The Confess Project is now funded by corporations, government grants, family foundations, and private donations. It's moved from barbershops to include salons and nail tech shops.

"The value of programs such as The Confess Project of America is imperative in empowering beauty professionals to embrace our impact on our client's mental health," says The Salon by PYNK stylist Jessica Reese.

"My styling chair has become a therapist couch for women to be completely vulnerable with their thoughts and feelings. I not only give them an amazing hairstyle, but it is the encouragement and guidance through our conversation that allows them to experience an internal transformation as well," says Reese.

Lorenzo Lewis
The Current Project

Hair Stylists Wear Many Hats

America's first mental health barbershop mental health advocacy program is now nationally incorporated, with local chapters in Metro Atlanta, Bay Area, Los Angeles, and Greater Boston, with plans to expand.

The work is needed, and barbers and stylists across the country see value in a program like this—they see value in the Black community getting more mental health support.

"As a hairstylist who runs across people from all walks of life, I believe that beauty industry professionals can be an advocate for mental health in the community because of the trust our clients have in us," says Shades Studio hairstylist Gabrielle Allen.

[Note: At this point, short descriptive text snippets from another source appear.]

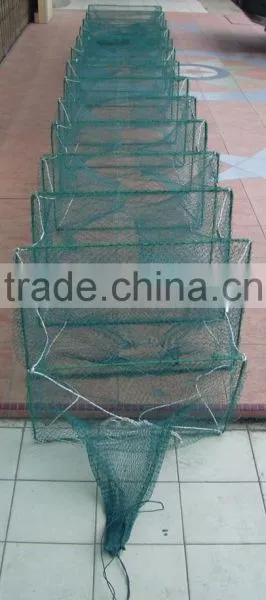 Square Fish Cage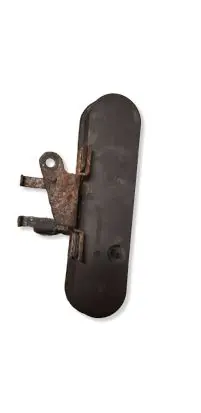 Citroen C6 Vacuum air tank 9635576177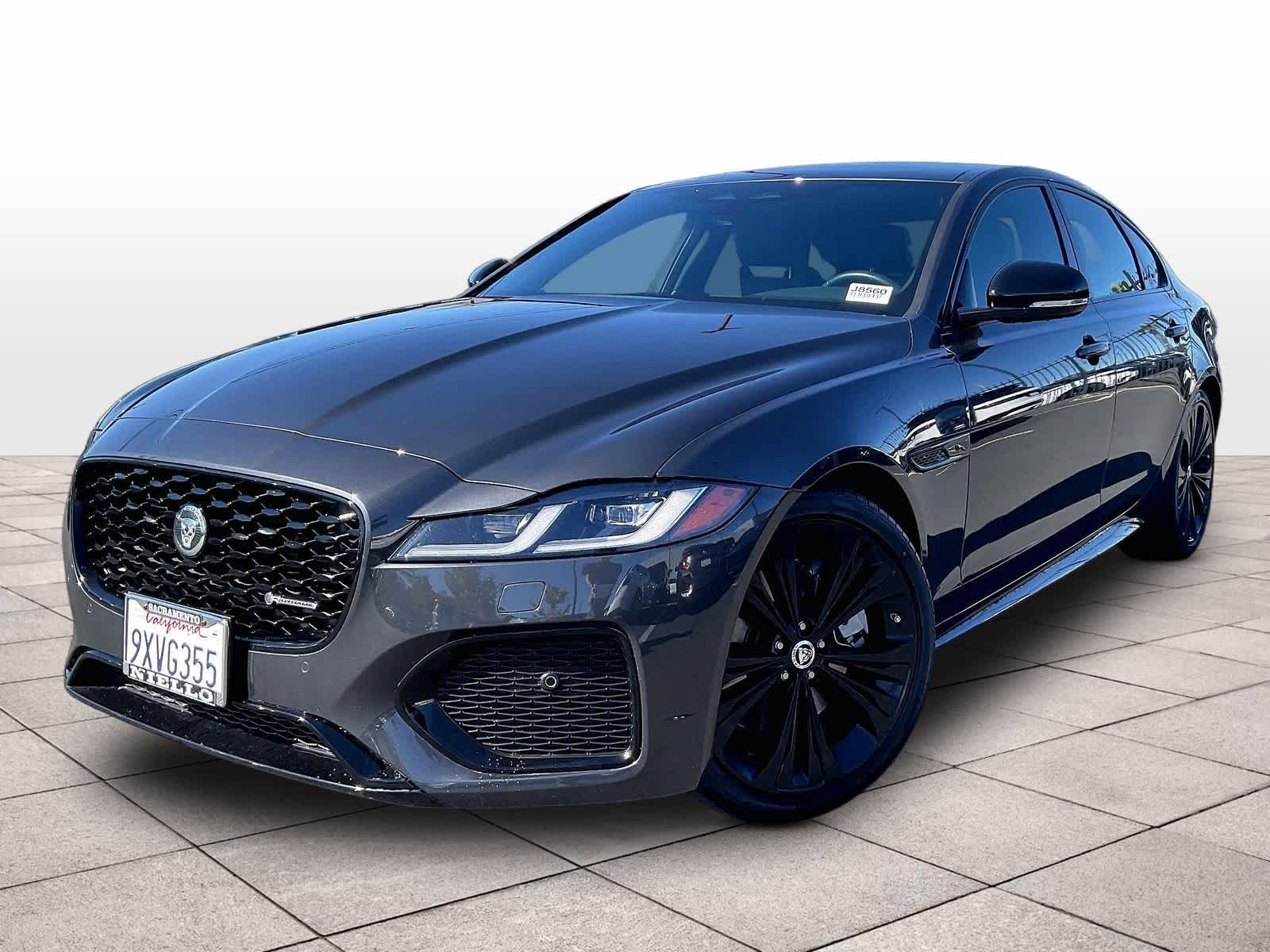 2024 Jaguar XF Sedan AWD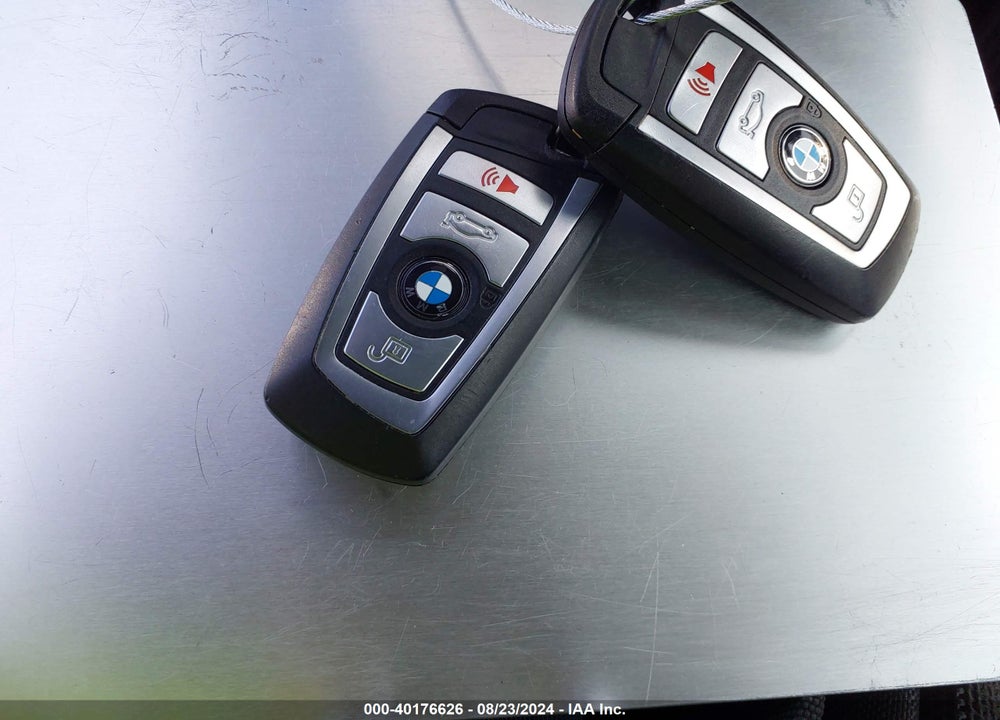 2018 BMW 430I XDRIVE VIN: WBA4Z3C56JEC56406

"We can advocate for those who may feel ashamed of their mental health conditions due to the stigmas affiliated with it in our community. Conversations with someone such as a barber or hairstylist can encourage those who would otherwise feel ashamed to talk about it openly," says Allen.

"As a salon owner and hairstylist, I service many women, especially black women. The time we spend together is intimate, and the space can be very vulnerable. Hairstylists wear many hats: friends, sisters, teachers, financial advisors, and the hat we wear the most is a therapist," says Salon on the Ave stylist Yarne Glascoe.

"Clients come to us in many mental states. I see many black women experiencing race-based traumatic stress, and practicing self-care is crucial. If I can assist my clients by becoming a mental health advocate, I would be able to attend to their mental health by educating them on healthy practices to better their well-being," says Glascoe.

There Should Be No Stigma in Asking For Help

The Confess Project of America is exploring more evidence-based criteria around supporting Black families and decreasing the stigma towards getting help with mental health challenges.

Once trained, barbers and stylists have a biweekly group training and forum. Power calls offer ongoing support, a place to share, and build a stronger community of mental health advocates.

"We're the bridge between the behaviors healthcare community and the community we live in," says Lewis. "When you think about people getting supported services and how racism has impacted people from getting help—barbershops, and salons are where Black folks go to get support. We're providing racially tailored training to front-line heroes. We are the bridge."

The goal now is to expand into more heavily Black cities and develop its first counseling center in the city of Atlanta to give barbers and stylists direct access to support.

The Governor of Arkansas recognized their efforts, and in 2019, the American Psychiatric Association Foundation honored them with their "Pioneer for Advancing Minority Mental Health" award.

The hope and goal are for more programs to support Black families with their mental health needs, like The Confess Project of America, to be started and built. For now, awareness and seeking help where it's available is a good start.

Though this article refers to barbershop and salon therapy for Black men and women, respectively, at Kindred by Parents we acknowledge that not all people who visit barbershops are men, and not all people who visit salons are women.